Markets will remain choppy, volatile amid uncertainty
The key supports 52,600-52,700 and 15,700-15,750 of last week would act as the first hurdle and for markets to cross 15,850-15,900 and correspondingly 53,000-53,200 points would be a tough call, once this is crossed it may make some upward move; Markets likely to drift with a negative bias in near future
The June 16-22 period under review saw markets falling on the first two days, rising on the next two before again falling on the fifth day. At the end of the period, BSE Sensex was down 718.86 points or 1.39 per cent to close at 51,823.53 points while Nifty lost 278.85 points or 1.81 per cent to close at 15,413.30 points. This time the BSE mid-cap and small-cap stocks were under tremendous pressure and lost significantly higher than the broader markets.

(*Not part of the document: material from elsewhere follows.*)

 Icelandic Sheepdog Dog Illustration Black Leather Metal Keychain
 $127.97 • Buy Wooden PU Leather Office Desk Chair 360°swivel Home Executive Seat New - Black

The FED announced an interest rate hike of 75 basis points on expected lines after very high inflation numbers in the US which were declared on 10th of June. This steep rate hike, which was on the cards, equals the highest ever which was done in 1994. The new interest rate band is between 1.5 per cent-1.75 per cent and it is almost certain that there would be another 75-basis point hike in the next FED meeting slated for the last week of July 22. This would increase the cost of borrowing significantly in the US and hit home owners as well.
Dow Jones had a volatile week, but managed to gain 164.30 points or 0.54 per cent. It gained on two of the four trading sessions. It had made surprise gains on the day that FED raised interest rates and caught the short sellers by complete surprise. It also hit a new 52-week low on Friday of 29,695 points. At this level, Dow was down 18.09 per cent on a year-to-date basis. On similar lines, even our benchmark indices had also made new 52week lows on the BSE Sensex of 50,921.22 points and 15,183.40 points on Nifty. At these levels, BSE Sensex is down 11.83 per cent on a year-to-date basis while Nifty is down 11.87 per cent. This clearly shows that the Indian indices have done better than the Dow Jones.
Vedanta Industries issued a surprise advertisement in newspapers on Monday inviting EOI (expression of interest) for its closed copper smelter located in Tuticorin, Tamil Nadu. The plant has been shut for about four years now due to environmental reasons. There is no way the plant can generate interest when it is shut. The only purpose could be to attract attention to the fact that a key asset in the country is lying idle and bring some pressure on the state and the environment ministry.
The share lost Rs 33.40 on Monday when the advertisement appeared. During the period under review, the share has fallen from Rs 291.40 to Rs 222.20, a fall of Rs 69.20 or 23.74 per cent.
Markets in the fall during the course of the reporting period broke crucial supports at 52,600-52,700 and 15,700-15,750 decisively. These levels had acted as support on a number of occasions. The break saw markets make a new low just below 50,900 and 15,180-15,190 levels. While these levels have been tested just once they should provide support on a couple
of occasions before giving way to the onslaught.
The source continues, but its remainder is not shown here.